Refactored plugins include:
- **Loaders**: `direct_reference`, `join_table`, `nested_set`, `adjacency_list`, `stats_loader`
- **Transformers**: `database_aggregator`, `field_aggregator`, `top_ranking`, `direct_attribute`, `geospatial_extractor`, `multi_column_extractor`, `niamoto_to_dwc_occurrence`, `shape_processor`
- **Exporters**: `dwc_archive_exporter`, `html_page_exporter`, `index_generator`, `json_api_exporter`

## Implementation Phases (Completed)

### Phase 0-3: Foundation
- ✅ Pydantic configuration models
- ✅ DuckDB integration (see ADR 0001)
- ✅ Entity Registry implementation
- ✅ Generic import engine with execution plan

### Phase 4-5: Hierarchy Systems
- ✅ Adjacency list builder with hash-based IDs
- ✅ Derived reference extraction from datasets (see ADR 0003)
- ✅ Multi-source spatial references

### Phase 6-7: Service Integration
- ✅ CLI migration to use EntityRegistry
- ✅ Transform/Export services consume registry
- ✅ GUI API endpoints adapted for dynamic entities

### Phase 8: Plugin Genericization
- ✅ All 19 plugins refactored to accept EntityRegistry
- ✅ Dynamic table resolution removes hardcoded assumptions
- ✅ Plugins now work with any entity type

## Consequences

### Positive

1. **Flexibility**: Can define any entity type in `import.yml` without code changes
2. **Maintainability**: Single import engine eliminates code duplication
3. **Performance**: DuckDB direct ingestion and recursive CTEs are faster than SQLite+pandas
4. **Extensibility**: New entity types, connectors, or hierarchy strategies are configuration changes
5. **Decoupling**: Plugins resolve tables via registry — no hardcoded dependencies
6. **Stability**: Hash-based IDs ensure referential integrity across reimports

### Challenges & Migration Requirements

1. **Breaking Change**: Existing projects must migrate from SQLite schema to DuckDB
2. **Configuration Migration**: Old CLI workflows must be converted to `import.yml` format
3. **Plugin Updates**: Any custom plugins need EntityRegistry integration
4. **Documentation**: Extensive examples needed for new configuration syntax
5. **GUI Adaptation**: Interface must support dynamic entity definition (in progress)

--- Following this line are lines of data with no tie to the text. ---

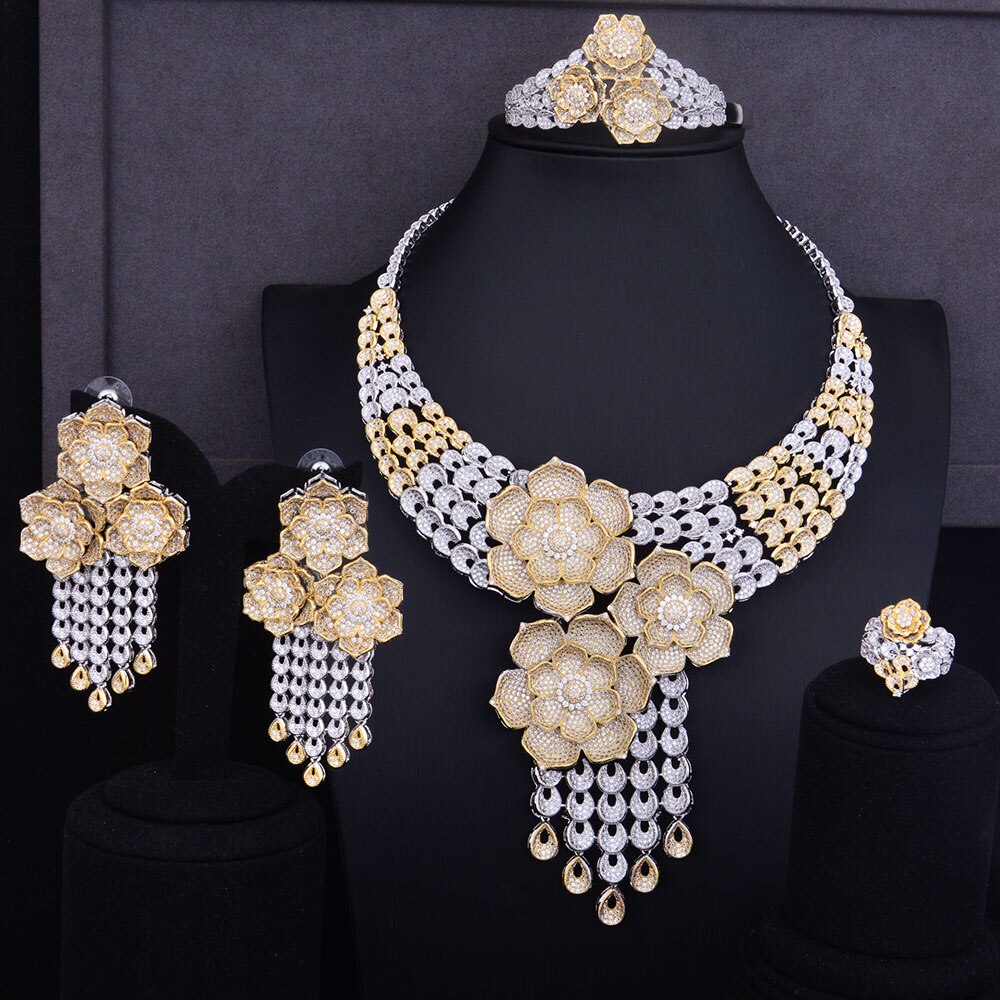 Tassel Drop Rose Flower Boom Full Micro Cubic Zirconia Women Wedding Dress Necklace Earring Jewelry Set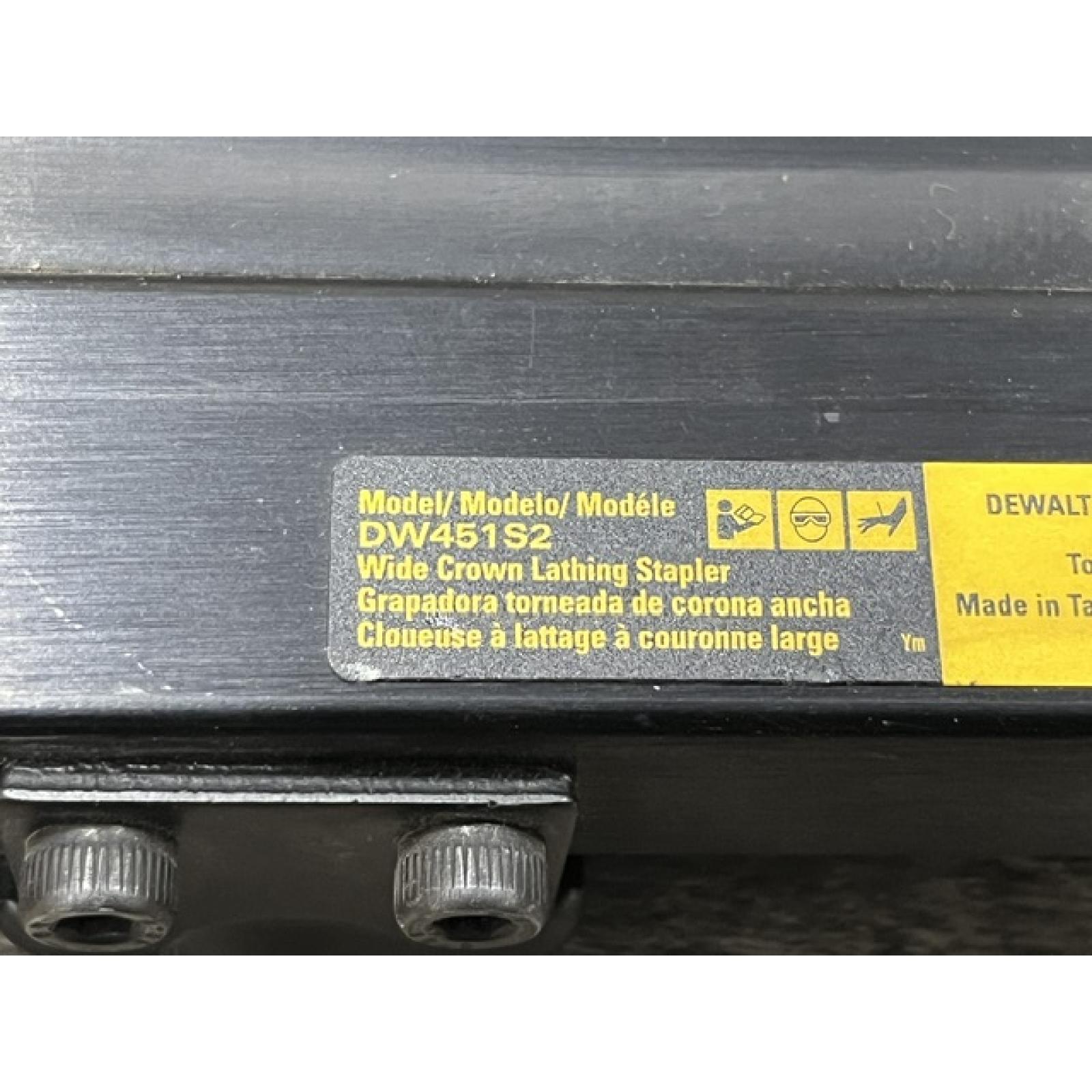 AS-IS DEWALT Corded Pneumatic 16-Gauge 1 in. Crown Lathing Stapler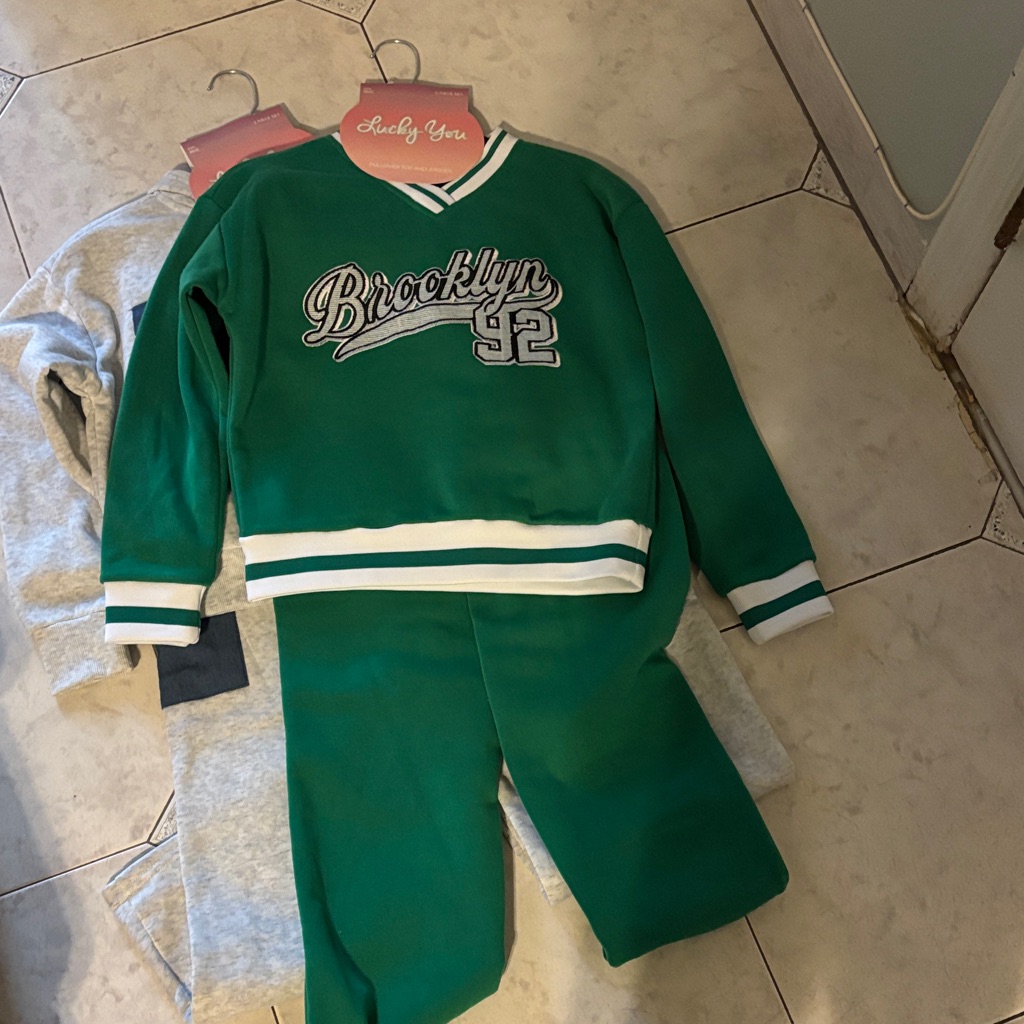 Lucky Brand Green Kids Tracksuit With 92 Design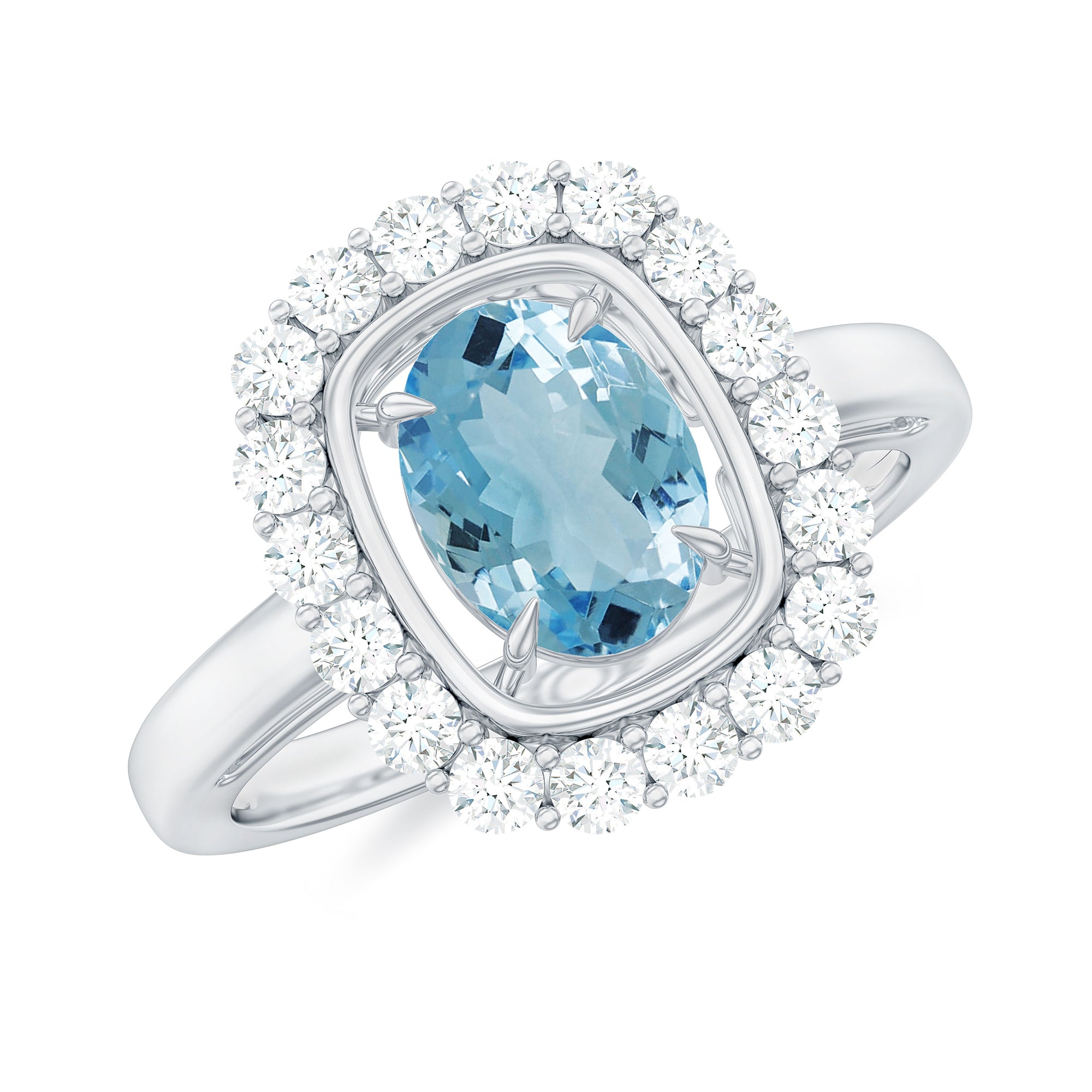 Aquamarine Halo Engagement Ring with Diamond Aquamarine - ( AAA ) - Quality - Rosec Jewels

### Technical Debt Retired

- ❌ Removed: `core/components/imports/` (TaxonomyImporter, PlotImporter, ShapeImporter, OccurrenceImporter)
- ❌ Removed: `core/models/models.py` (rigid SQLAlchemy models for taxon_ref, plot_ref, shape_ref)
- ❌ Removed: `core/repositories/niamoto_repository.py` (tightly coupled data access)
- ✅ Replaced: Hardcoded table names in 19 plugins with dynamic registry resolution

## Related ADRs

- **ADR 0001** — DuckDB Adoption: Enables efficient generic imports with `read_csv_auto`, recursive CTEs
- **ADR 0002** — Retirement of Specialized Importers: Documents transition strategy from legacy system
- **ADR 0003** — Derived References with DuckDB CTEs: Explains hierarchy extraction architecture

## Validation

The system has been validated through:
- ✅ 89 unit tests covering config models, registry, hierarchy builder, engine
- ✅ Integration tests for full import workflows (datasets → derived → direct)
- ✅ Plugin tests demonstrating generic entity support
- ✅ CLI tests for import/transform/export workflows
- ✅ Real-world usage with New Caledonia biodiversity data (test-instance)

## Next Steps

1. **GUI Adaptation**: Update import wizard to support dynamic entity definition via `import.yml`
2. **Migration Guide**: Document transition path for existing Niamoto projects
3. **Performance Benchmarking**: Compare DuckDB generic engine vs. legacy SQLite importers
4. **Advanced Features**: Implement validation rules, conditional enrichments, incremental imports

## Status

**COMPLETE** — All 8 implementation phases finished as of 2025-10-13. The generic import system is operational and all legacy importers have been removed. GUI adaptation is the remaining work item.